In Japan schwer geprüft: Cristóvão Ferreira (Liam Neeson) in "Silence"Bild: picture alliance/dpa/K. Brown/Concorde

"Silence" ist ein Film der Gegensätze. Er spielt im Japan des 17. Jahrhunderts und erzählt doch auch eine ganz aktuelle Geschichte. Es ist ein Film der weiten Landschaften und der intimen, privaten Geschichten. Und: Es ist ein Martin-Scorsese-Film mit Szenen, die einerseits typisch für diesen Regisseur sind und anderseits eine für diesen Filmemacher eher ungewöhnliche Arbeit präsentieren.

Martin Scorsese: ein praktizierender Katholik

Scorsese, dessen Eltern einst aus Italien in die USA einwanderten, war als Kind Messdiener, wurde von Jesuiten unterrichtet und wollte ursprünglich Priester werden. Doch irgendwann entdeckte er die Faszination des Kinos und machte es zu seinem Beruf. Der katholischen Kirche und dem Glauben blieb er verbunden - seinen Filmen merkt man das bis heute an. "Film und Kirche haben mir beide erlaubt, auf eine spirituelle Reise zu gehen", bemerkte Scorsese einmal in einem Interview.

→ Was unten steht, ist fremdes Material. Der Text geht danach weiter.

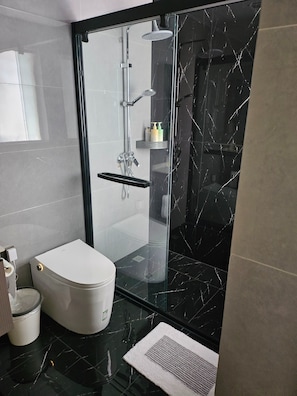 Apartment, 3 Bedrooms, Accessible, Balcony | Bathroom - Heinemann's Vaca Apartment at Mount Emei Hosted by a German Couple (Leshan)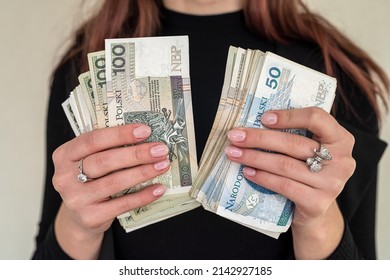 close up of several banknotes denomination of 100 zlotys Polish money zlotys holding a fan in the form of a woman in a suit. The concept of zlotys in women's hands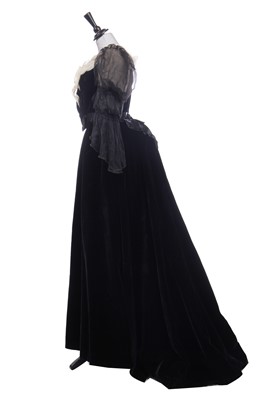 Lot 413 - An Alfred Manning of Dublin black velvet evening gown with three bodices, circa 1900
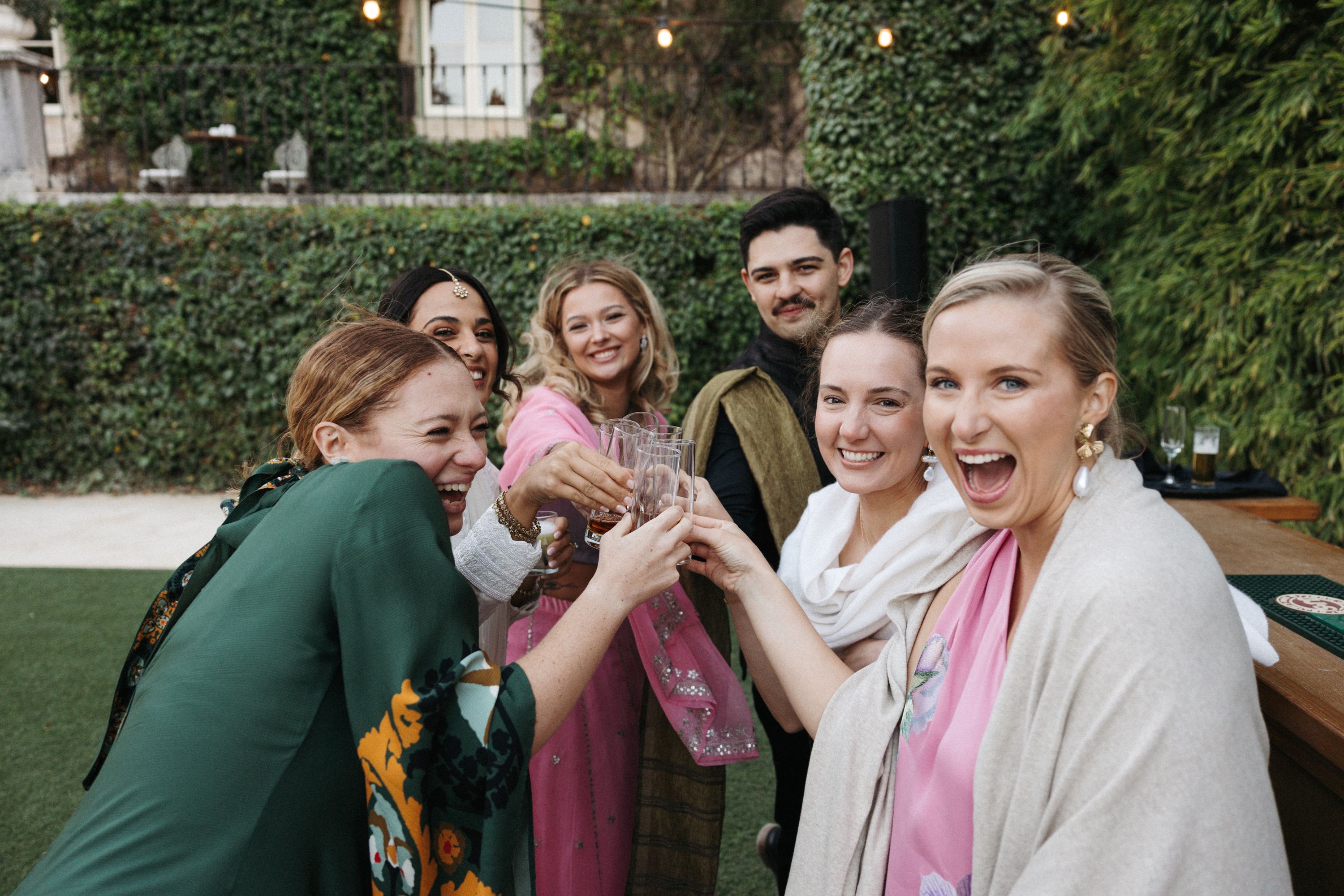 Wedding guests celebrating with a joyful toast at an intimate wedding in Portugal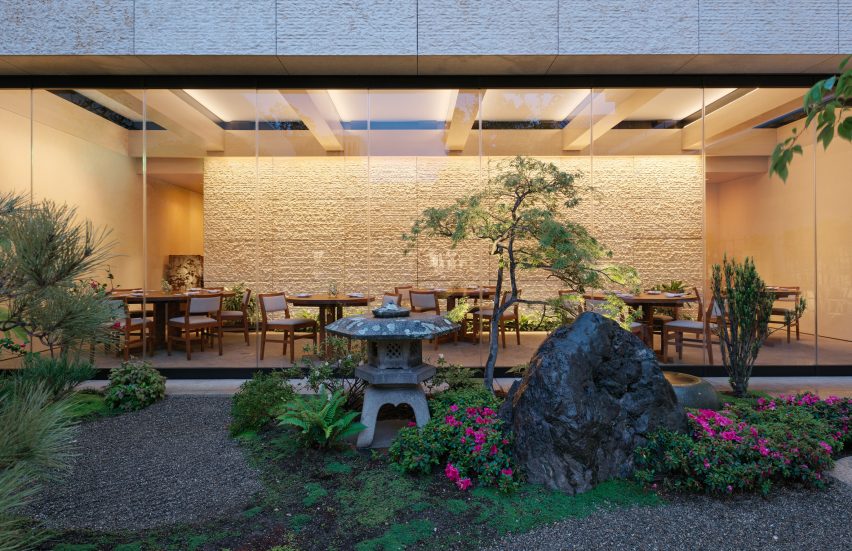 A restaurant with a garden patio in the evening
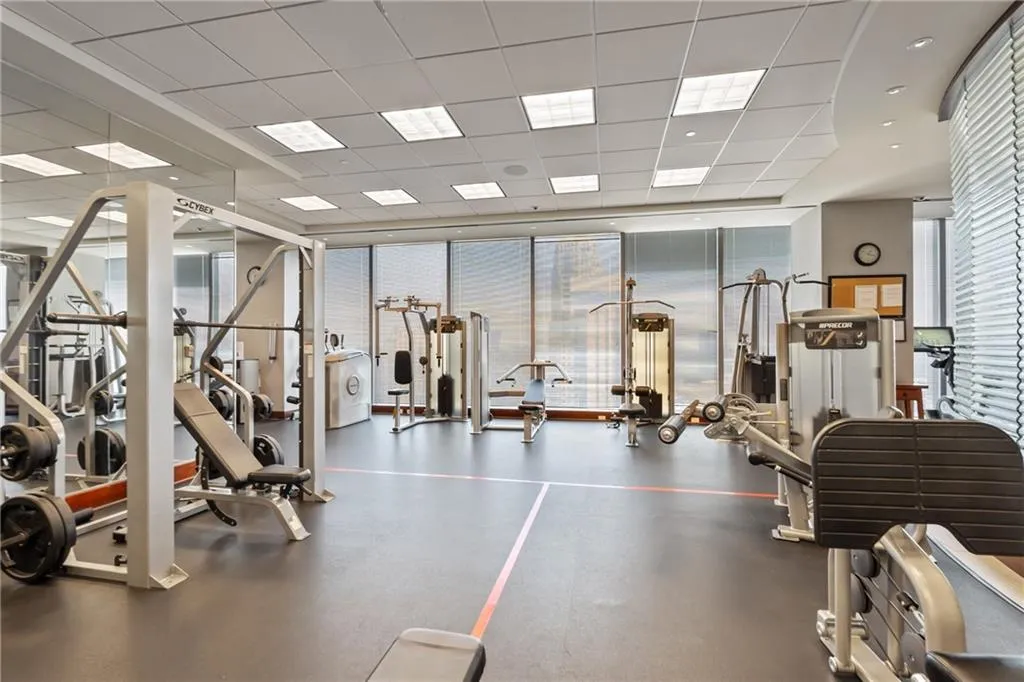 Exercise room with floor to ceiling windows and a drop ceiling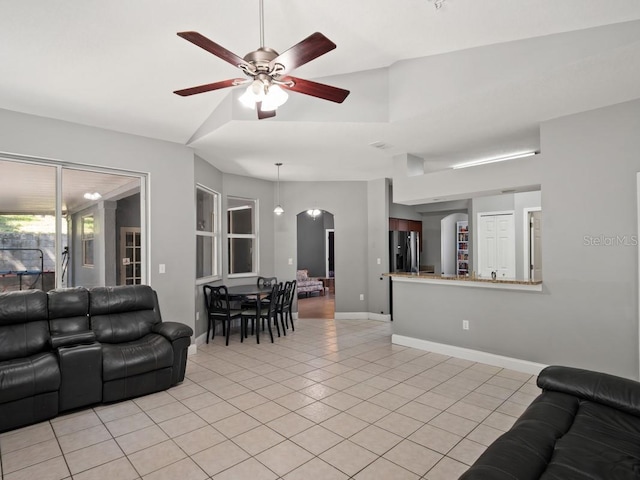 living area featuring ceiling fan, baseboards, lofted ceiling, light tile patterned floors, and arched walkways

Filmszene Silence Martin Scorsese Regie
Nimmt auch die Religion durch das Kameraauge wahr: Scorsese beim Dreh in Taiwan, wo "Silence" hauptsächlich entstandBild: 2017 Concorde Filmverleih GmbH

1988 brachte er seine ganz spezielle Jesus-Version ins Kino: "Die letzte Versuchung Christi" löste heftige Debatten aus, vor allem bei konservativen Katholiken. Scorsese hatte den Sohn Gottes mit einigen sehr menschlichen Eigenarten ausgestattet: Jesus zweifelt an seiner Berufung als Sohn Gottes, arbeitet mit den Römern zusammen, begehrt eine Frau und gründet sogar eine Familie. Das passte vielen Hütern der katholischen Theologie nicht. Auch in seinen Filmen mit weltlicher Thematik klingen Glaubensfragen an. Scorsese-Filme sind immer auch Werke über Moral und Ethik, über individuelle Entscheidungen und Fragen nach dem Sinn des Lebens. Den haben in seinen Filmen immer auch mal wieder Mafia-Bosse und Kleinkriminelle gestellt.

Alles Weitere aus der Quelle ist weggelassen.